Magazines set to grow exponentially over the next three years, according to B&T’s mad uncle Alfie. Oh, and magazine poster boy, Tyler Brûlé set to deliver keynote at DAZE forum…
If you’re an avid gardener like me you’ll know that when it comes to seeds no matter how much you mulch, poison and pluck, some little bastards will always keep growing.
The same can be said for print publishing.
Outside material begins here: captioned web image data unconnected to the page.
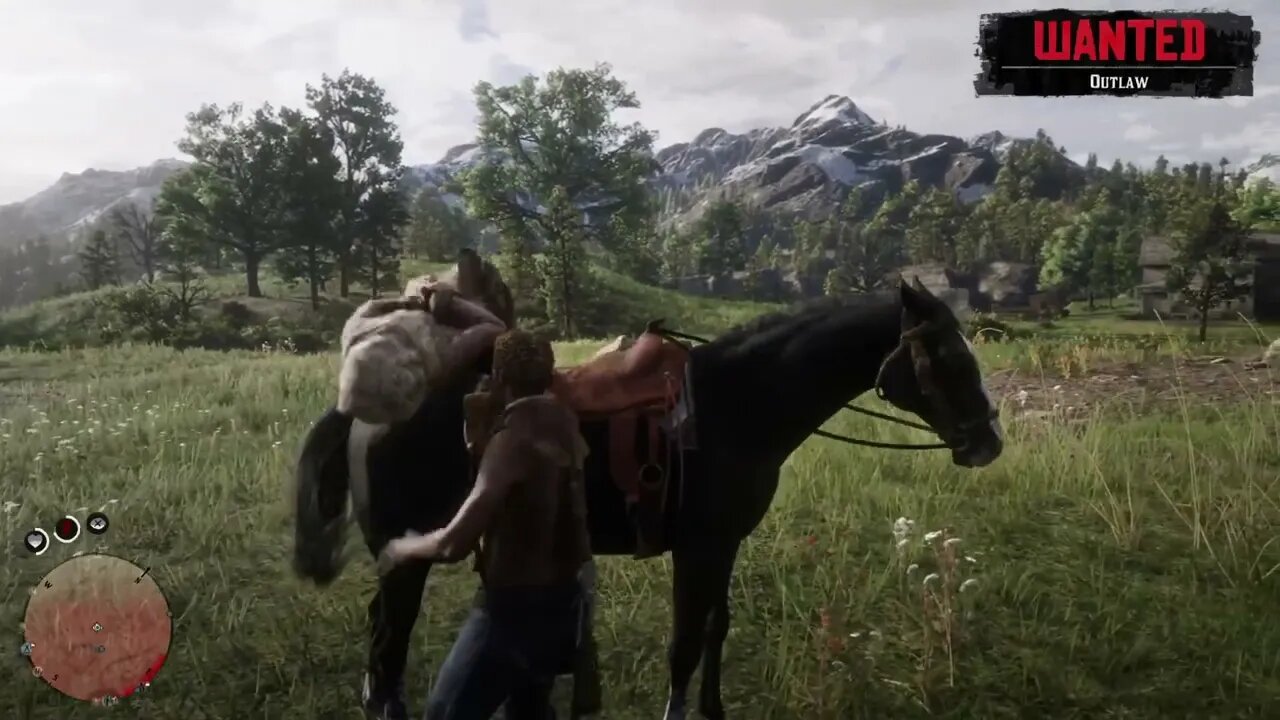 Red dead redemption gameplay with Rock Mercury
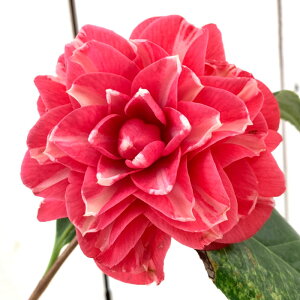  c I_g 13.5cm|bgc coL c ΂ gv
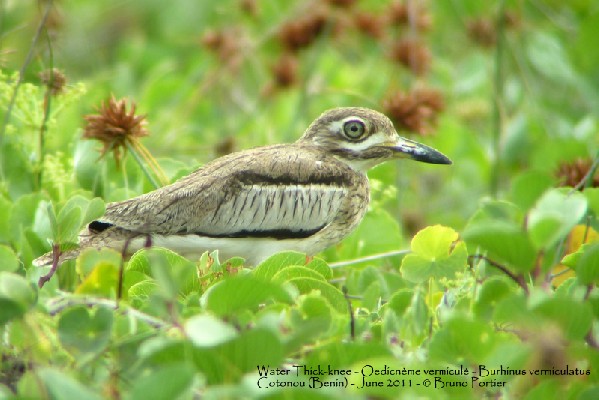 Adult Water Thick-knee in Cotonou harbour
Sure, it’s pretty easy to decimate the big weeds with some of Bunning’s finest and a whipper snipper but you can’t kill the ones with the funky roots that run underground.
Recent media news of Pacific Magazines closing four magazines this week and losing their CEO, coupled with Fairfax finally officially signalling the closure of its weekday newspapers has many once again beating the drum and yelling the decade old chants of “print is dead”.
But strangely it seems print still pushes through in the right circumstances.
Founder of Wallpaper magazine and Monocle, Tyler Brûlé is one publisher that has enjoyed substantial growth during the decade of print decline.
The Monocle brand has grown far beyond a series of ads with editorial on the back of them. It now transcends print, radio, retail, and digital with offices throughout the world. In 2014 an investor valued the brand at £70 million and it is one of the leading lights in the content marketing space.
Speaking exclusively to B&T last year Brûlé said, “We have been living with the shiny new object of various feeds and aggregators and various channels that keep us up to date around the clock but I think there is also a fatigue to all of that as well and that is where a lovely magazine comes in … in that you don’t need to plug it in, it doesn’t need solar panels, it is not going to beep, rattle or vibrate.”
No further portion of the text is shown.